Science fiction is not a genre
by look i have opinions
This has been said many times, and it should really be a trite and duh-obvious thing to say by now, but science fiction is an element of worldbuilding, not a genre. It’s true that science fiction is associated with certain genres, such as adventure fiction, preachy psychophilosophical fiction, cautionary tales about society, straight-up horror, and fiction whose primary purpose is to explore or illustrate scientific ideas. But those genres have nothing in common with each other except worldbuilding elements, and hardly anyone uses “science fiction” to refer to any particular one of them. So calling science fiction a genre is a taxonomical error. At best, the term is a marketing category, a way for potential readers to narrow down their searches.

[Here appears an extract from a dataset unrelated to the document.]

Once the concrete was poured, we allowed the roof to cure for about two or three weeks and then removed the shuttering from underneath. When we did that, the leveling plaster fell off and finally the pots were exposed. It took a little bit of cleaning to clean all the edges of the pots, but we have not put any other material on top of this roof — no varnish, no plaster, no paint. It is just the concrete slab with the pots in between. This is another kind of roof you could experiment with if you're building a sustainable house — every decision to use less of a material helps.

Every time I see people debating the overlap between science fiction and literary fiction, or between science fiction and great literature, this is the first thing I want to yell at them. Then I hate myself a little for being so obvious. Then I hate everybody else for making me think about something so obvious.
(All this also pretty much applies to fantasy and vampire fiction and anything else you could place under the “speculative” umbrella.)
Whether contemporary literary fiction is a genre strikes me as more open to debate. I’m inclined to think that it actually comprises two or three genres that share certain editorial values—high-quality prose, psychological/thematic depth and subtlety even at the expense of entertainment, distrust of unambiguously happy endings.